What is going on in the background?
Trickle-down economics just purchased another yacht. So, I think this really summarizes what's going on. The let them eat cake economy is what they're calling it now. Wealth effect works perfectly for a few. These are all of the ones at the top, all of the ones that are in the corporations that own these, all of the ones that are in a defense sector getting government contracts are all doing very well, but the real economy and people are not doing as well. So, they're washing out savings, devaluing the dollar, and people are beginning to feel the effects.
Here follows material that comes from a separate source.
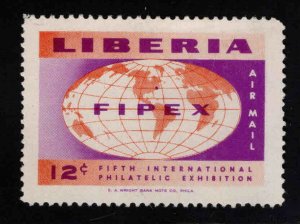 LIBERIA Scott C101 MH* FIPEX Airmail stamp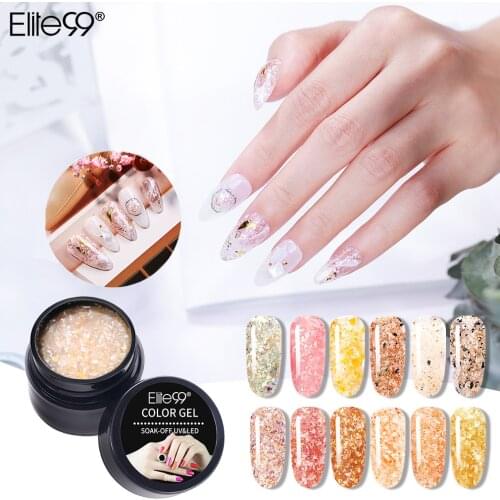 Elite99 5ml Shimmer Glitter Gel Nail Polish Hybrid Varnish UV Nail Polish Semi Permanent Enamel Lacquer Nail Art Gel Polish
Eventually, they will remember that these people in their production are the ones that are actually putting all of this stuff forward, and they'll need more than artificial intelligence. They need things like food.
Few other things. Putin is announcing international AI alliance. His argument is saying that they maintain a large portion of energy [clears throat] that's going to be needed forward, and everyone wants a piece of this pie.
Taiwan forecasting fastest export growth in 50 years on AI demand. They are the largest chip developing sector uh country, if you will.
With this comes risk. Not just risk about uh debt or defaulting, but risk that another larger company might or country, you could say company, probably Freudian slip there, uh that this country will have a severe interest in you. So, ship tracking data now revealing risk of escalation in this area. I've been talking about this for the last week or two. We're watching more assets shift over there, meaning United States uh military now shifting some from the Middle East. Don't worry, we've still got more war for you. So, don't have to worry about your defense stocks. We're going to uh continue those just in a different area. So, with all of this, we've got positioning being the most important defense for you. What do I mean by that? That means own real assets. Don't own just dollars. Your dollars are being devalued. They're giving to them them to the large corporations first to spend. And by the time you get to spend them, prices have already gone up. So, make sure you use those to purchase real assets that are also going up with these values in the longer term, not day-to-day. If you're not a trader, that's fine. But you've got to invest in these for the longer term. Whether it's real estate, whether it's uh Bitcoin, whether it's gold, silver, whether investing in tools for yourself, your education for your future. All of these are going to be what become very valuable in times of need. So, with all of this, I appreciate you all being here. Thank you all for those of you that are just supporting this channel, buying me coffees. You guys are the best. Until I see you again, have a wonderful weekend.